The Independent Review of the Victorian Ports System (review) was the first holistic review into the ports system in 20 years and included industry and stakeholder consultation, including commercial port and local port operators.

The review made 63 recommendations, which were supported by the Victorian Government, together with long-term reforms that reinforce open market access to ensure the sustainable economic future of Victoria’s ports.

The full government response addressed these recommendations, while setting out the three main areas of action:

  • Establishing Ports Victoria, including creating Ports Victoria’s legislative charter, and outlining key reforms including to pilotage and towage services.
  • Developing the Victorian Commercial Ports Strategy(opens in a new window) which will further define the government’s stewardship role and articulating the key steps in ensuring the future of Victoria’s ports.
  • Local ports and waterway management reforms that will seek to effectively support the economic and social value of these assets.
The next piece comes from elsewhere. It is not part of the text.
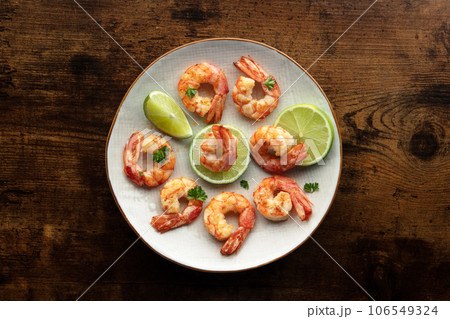 Shrimps, overhead flat lay shot. Fried shrimp with lime on a white plate Shrimps, overhead flat lay shot. Fried shrimp with lime on a white plate 106549324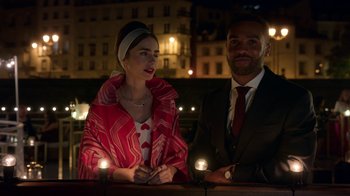 Movie still from “Emily in Paris” (2020), created by Darren Star – A man and a woman sitting next to each other; Medium shot, Over the shoulder angle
The Victorian Government delivered on the review recommendations by creating Ports Victoria - a new state port entity to lead the strategic management and operation of Victorian commercial ports and waterways.

Ports Victoria is headquartered in Geelong, recognising the city’s important role in Victoria’s ports system through GeelongPort and the future relocation of the Spirit of Tasmania.

Ports Victoria commenced operations on 1 July 2021 and is led by the board Chair Howard Ronaldson, with Brendan Webb as the Chief Executive Officer.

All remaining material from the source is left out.